Yahoo erhebt als erstes betroffenes Unternehmen Verfassungsbeschwerde gegen das kommende Leistungsschutzrecht. Netzpolitik zitiert aus der Pressemitteilung des Konzerns: "Das Grundgesetz verpflichtet den Staat zum Schutz der Informationsfreiheit und damit auch der Strukturen, die die Informationserlangung garantieren. Daher halten wir das Leistungsschutzrecht mit der im Grundgesetz garantierten Pressefreiheit (Art. 5 GG), ferner der Berufsfreiheit (Art. 12 GG) und dem Gleichheitsgrundsatz (Art. 3 GG) für unvereinbar. Nicht zuletzt sind wir der Ansicht, dass das Leistungsschutzrecht aufgrund seiner Unklarheit gegen das Bestimmtheitsgebot verstößt und dadurch zu einer unzumutbaren Rechtsunsicherheit führt."

Die digitale Ökonomie neigt zur Monopolbildung, meint der Vorsitzende der Monopolkommission Daniel Zimmer auf Zeit Online, aber da die Monopole oft nur von kurzer Dauer sind, hält er Google markttechnisch nicht für gefährlich: "Wir raten aber zum gegenwärtigen Zeitpunkt davon ab, mit sehr drastischen Mitteln wie der Zerschlagung von Unternehmen zu operieren.
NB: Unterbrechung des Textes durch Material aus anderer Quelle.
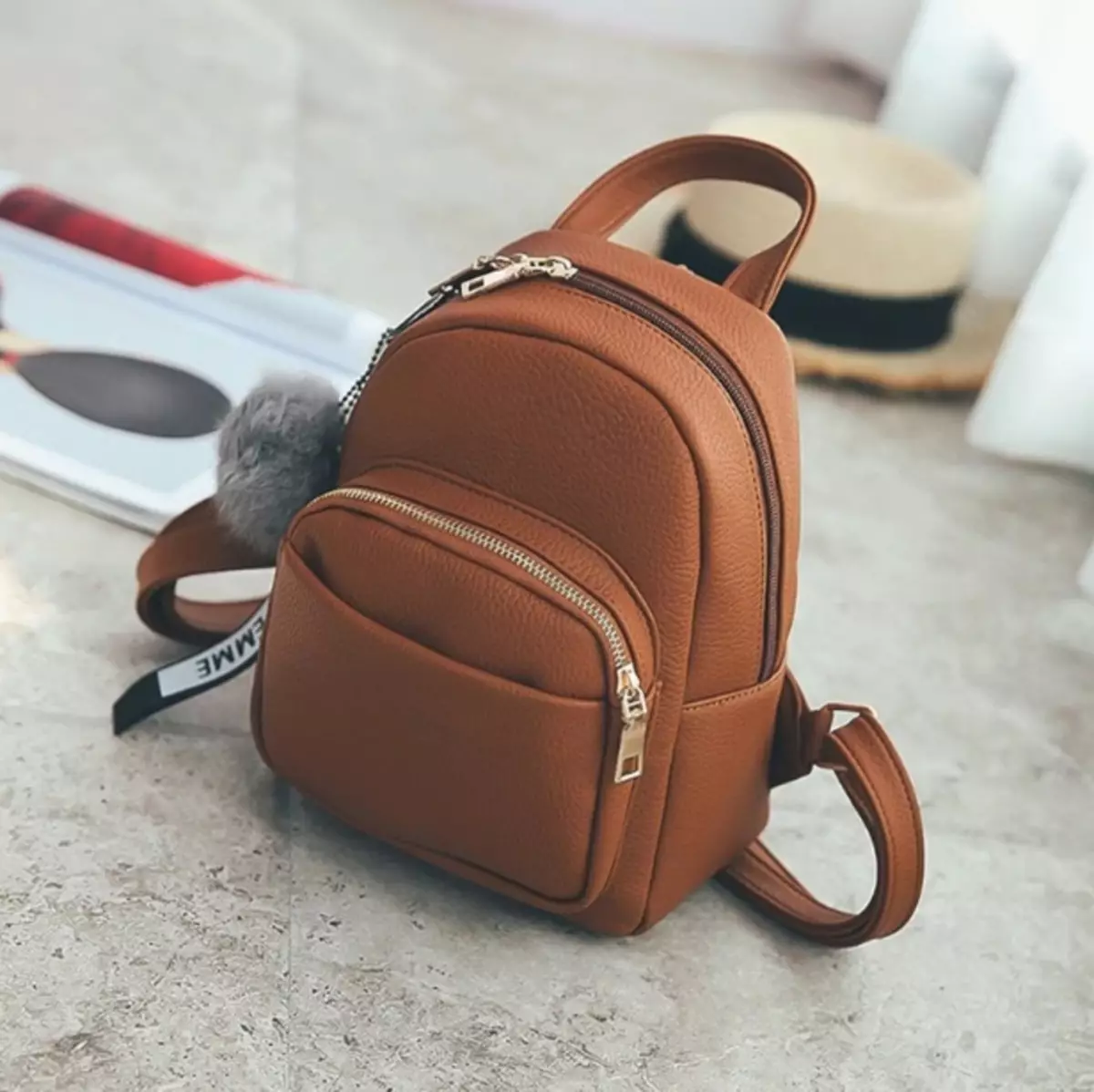 Leather Backpacks (97 photos): Vakadzi kubva kuganda chairo uye eco-muti, zvidiki uye zvakakura mhando mhando, maguta uye zvidhori uye mafashoni uye mafashoni emashure 2563_70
Und wir gehen davon aus, dass die Menschen freiwillig eine bestimmte Suchmaschine benutzen und im Prinzip zu einer anderen wechseln können."

Im Tagesspiegel erklärt Christopher Ziedler ausführlich, warum es nun möglicherweise doch zu einem europäischen Kartellverfahren gegen Google kommen könnte.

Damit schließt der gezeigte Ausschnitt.